Melbourne’s beleaguered airport rail link is under federal government review despite $5 billion in funding being promised in the budget.
The government is conducting a 90-day review of the entire $120 billion Infrastructure Investment Program pipeline, which includes the $10 billion Melbourne Airport rail link originally slated to open by 2029. The broader Suburban Rail Loop project is exempt from the review.
In a media release, Transport and Infrastructure Minister Catherine King said the review would ensure investment in “projects that are truly nationally significant” and that under the Morrison government, projects in the pipeline blew out from 150 to almost 800.
“Projects were left without adequate funding, resources or genuine commitment. The Albanese government is keeping the $120 billion rolling 10-year pipeline – and every dollar remains in the budget. But it would be irresponsible to move ahead, without fixing the backlog,” she said.
“This review will allow all levels of government time to consider the projects that are actual priorities, and assess their cost and deliverability in the current climate.

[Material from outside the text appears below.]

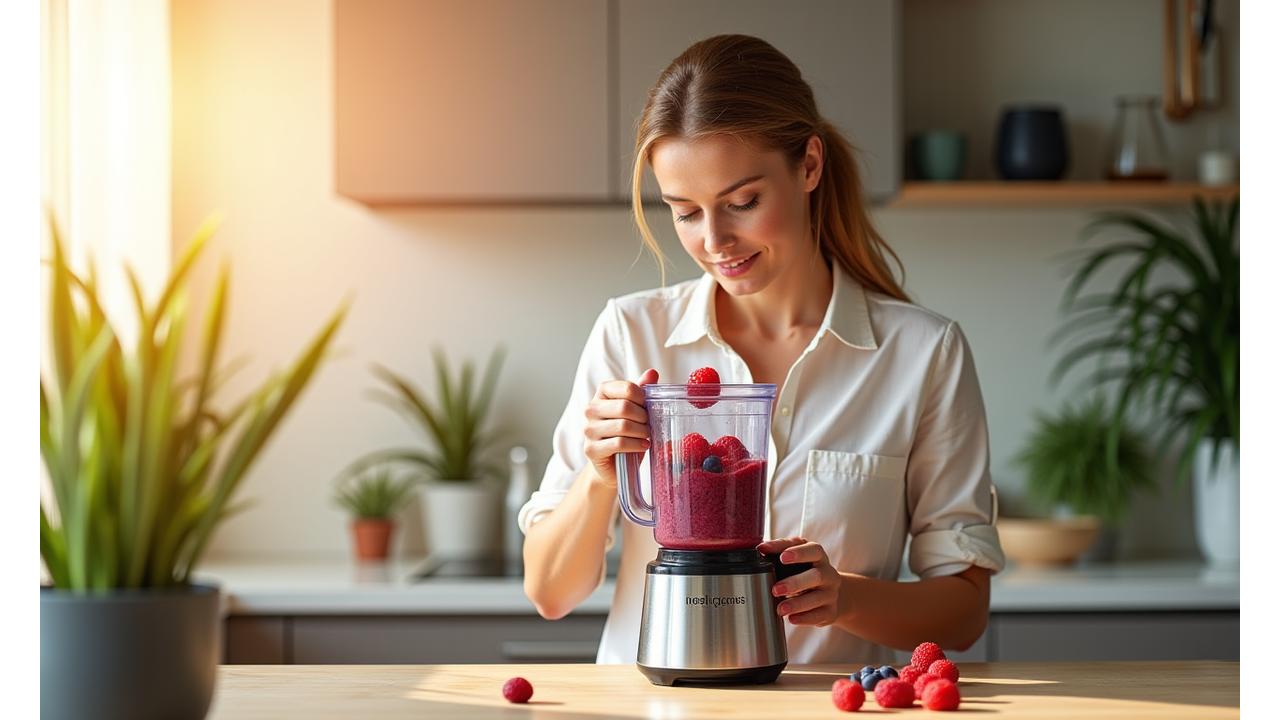 Žena vkládající čerstvé ovoce do mixéru v moderní kuchyni, obklopená rostlinami a přírodním světlem.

The process will help to lay firm foundations to build a more sustainable, credible pipeline of investment.”
A spokesperson for Minister King told the Herald Sun, “All Infrastructure Investment Program projects not currently under construction and not an election commitment are in the review. This includes the Melbourne Airport Rail Link. This is a genuine review to get the best outcome.
“This review, which has the co-operation of the states and territories, will look at what projects are still priorities for the Commonwealth, states and territories.”
The news comes after last month’s revelation that the rail link — which will connect Melbourne Airport to Sunshine Station via a new stop at Keilor East at a cost of up to $13 billion — will not meet its planned 2029 completion date, with Deputy Premier Jacinta Allan blaming the airport for “slow and frustrating” negotiations.
“It has been challenging to negotiate with the airport about how the project will be delivered on the land that they lease from the federal government to run the airport. It’s been slower than I would have liked,” Allan said, adding that state and federal budgets will also affect the outcome.
A spokesperson for the Victorian government told Australian Aviation, “This is a matter for the federal government.”